Created by Greek designer Harris Tsagas and published by Brain Games, Farm Rescue is a co-operative memory game with a twist.
Players have to find a match based on what’s rolled on the dice, remembering where the farmyard animals are. If you correctly find a match, you move the farmer along his track, but if you fail, the wolf moves instead. You win by when the farmer catches the wolf, but lose if the wolf makes it around the track and into the farm.
We caught up with Tsagas to learn more about the origins of Farm Rescue – his first published game – and why he feels optimistic about the game design scene in Greece.
Where did the idea for Farm Rescue come from?
Up until 2017, the only games in my collection were Scrabble, Monopoly, UNO, a couple of classic memory games and a copy of Mr. Jack that I had bought from a Greek store in 2009.
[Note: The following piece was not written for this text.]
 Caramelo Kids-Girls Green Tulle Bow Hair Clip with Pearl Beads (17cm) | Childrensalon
One evening my five-year-old daughter discovered UNO somewhere in the house and wanted to play it with me. My three-year-old daughter wanted to join us too, but she was struggling with the numbers and was disappointed. So I decided to replace the numbers with animals and because she was doing really well with memory games, I added a memory element. Furthermore, rolling dice is always funny for children, so I added that.
At first, we were rolling the dice looking for the animals and trying to flip all of them over. Also, as fairy tales were a part of our daily routine, I came up with the idea to include a chasing story into the game. So, the early prototype was ready!
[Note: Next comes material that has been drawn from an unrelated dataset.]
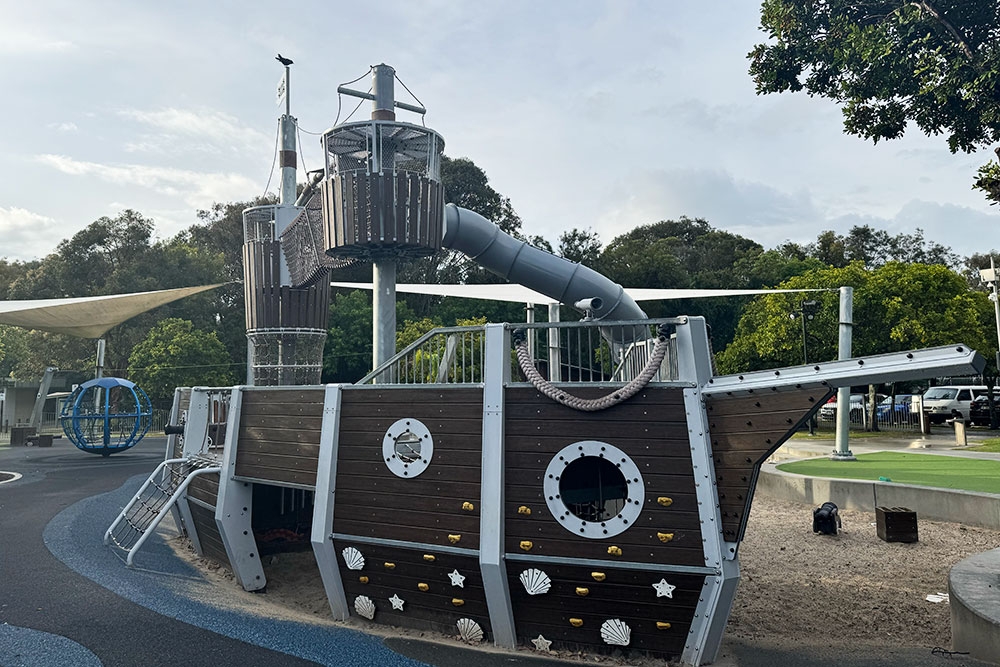 Pirate themed playground and beach cove in Palm Beach Parklands Gold Coast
So how did Brain Games get involved and what made them a great fit for Farm Rescue?
After I had designed my early prototype, for the next two to three months we just played the game, and I didn’t think to give it a name as I had never even thought about publishing it.
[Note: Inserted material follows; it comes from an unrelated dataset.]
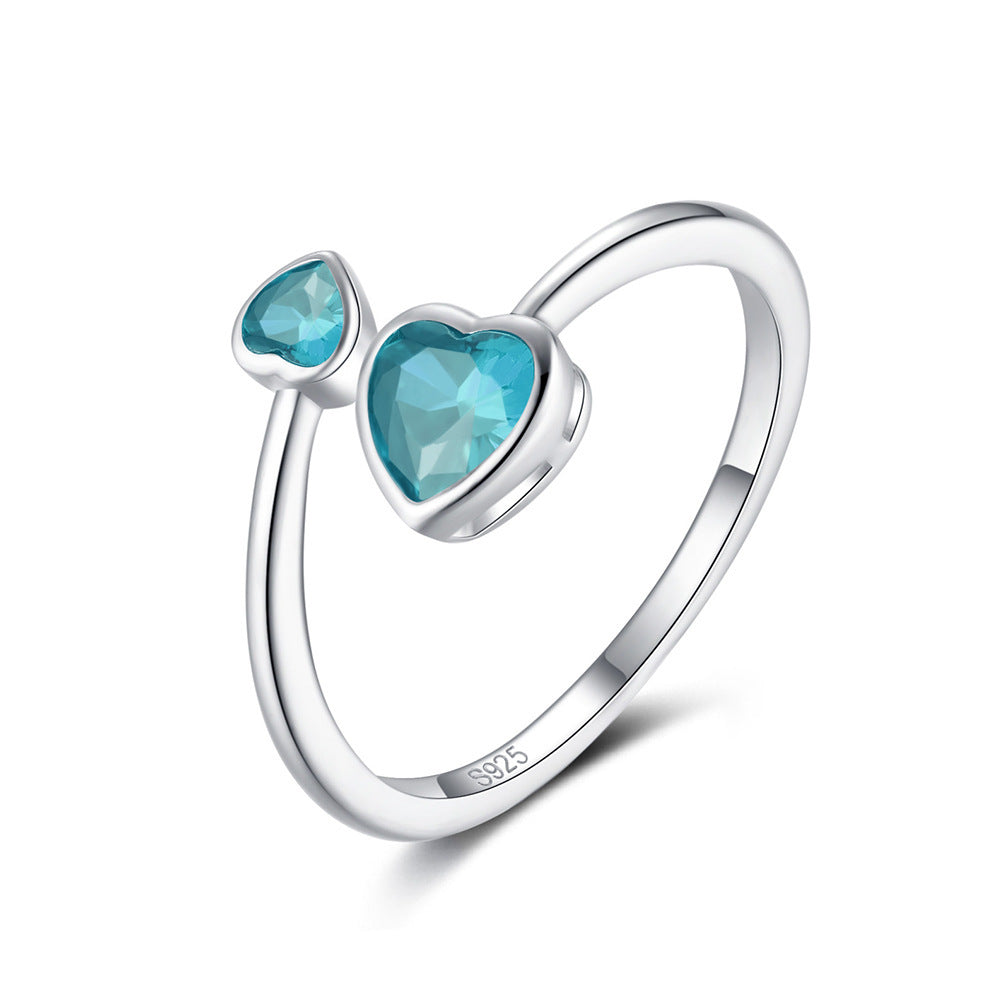 S925 Silver Double-headed Heart Birthstone  Ring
Well I assumed that all companies have their own design teams, so didn’t need ideas from outside designers. I had no idea how the board game industry works!
Looking for other children’s game recommendations online, I saw a discussion on BoardGameGeek. “What is that site?” I wondered, and then an ocean of information came up! The post I saw was about Brain Games’ Ice Cool, and everyone was so excited about it.
So – in just one day – I had learned that I could actually get someone to publish my own game, and that a company called Brain Games had published a great game called Ice Cool. I then saw they were behind other equally awesome games like Game of Trains and even Mr Jack – a game I already owned.
It might be sounds illogical or karmic but having already owned a Brain Games game and then randomly hearing about the same company nine years later made me think that there was something good about this company!
What I had to do next was to name my game and have it playtested a lot. When it came to playtesting, I enjoyed the feedback of the young playtesters in my daughter’s school – they were authentic and helpful!
Then I contacted Brain Games, as I liked their profile and product line. The response came quickly and when I saw the result of their excellent production of my game, I knew I had made the right choice.
Brain Games believed in Farm Rescue from the first moment and they behave in a very professional way. Communicating and working with them is really great!
I am so excited that my game is released and out there now.
What’s the game design scene like in Greece? Are there many other designers making waves in the board game space?
Board gaming is not such a popular hobby in Greece, and especially in west Greece where I live. Sometimes when I tell somebody that my hobby is playing board games, I sound weird to them, as they are mostly only aware of classic board games. But I don’t blame them – I was the same two years ago!
However, in the last few years the interest in board games has grown considerably, both in Greece and around the world, with more and more people coming into the hobby.
People with many years of experience and knowledge in board game industry have set up their own companies and are producing games by Greek designers, distributing them worldwide. Now lots of Greek designers have designed games that have sold thousands of copies and won many awards.
This couldn’t have happened without the help of playtesters. There are some great game playtesting groups in Greece, and there is also a national board game design contest, which takes place every year. This has welcomed a lot of talented designers whose games have been accepted by the global board game scene.
I believe we are at the beginning of an upward course for the board game design scene in Greece and I am optimistic that the following years will become more and more promising for Greece’s contribution to the worldwide board game industry.
How do you stay creative? Where do you find you get game ideas from?
The spark of my inspiration for Farm Rescue were my children. I wanted to make something for them and something that would give us good times as a family. I couldn’t have made it without the help of my supportive wife.
I always try to make something special for my kids, be it a board game or something totally different like a trip. But because they are my inspiration, my design process often shifts from demanding and time-consuming to creative and funny!
So with your first game on shelves now, what can we look forward from you next?
Currently I am working on two prototypes: one kids game and one family game (as my oldest daughter is now seven).
I have other ideas I would like to work on and I will do so as long as I find some time. But don’t expect a heavy war game from me in the near future – although I believe in the motto “never say never”, other board game categories are my priority at the moment!
Generally, my future plans include whatever satisfies the needs of my family – and that’s anything that ensures we have fun and enjoy ourselves!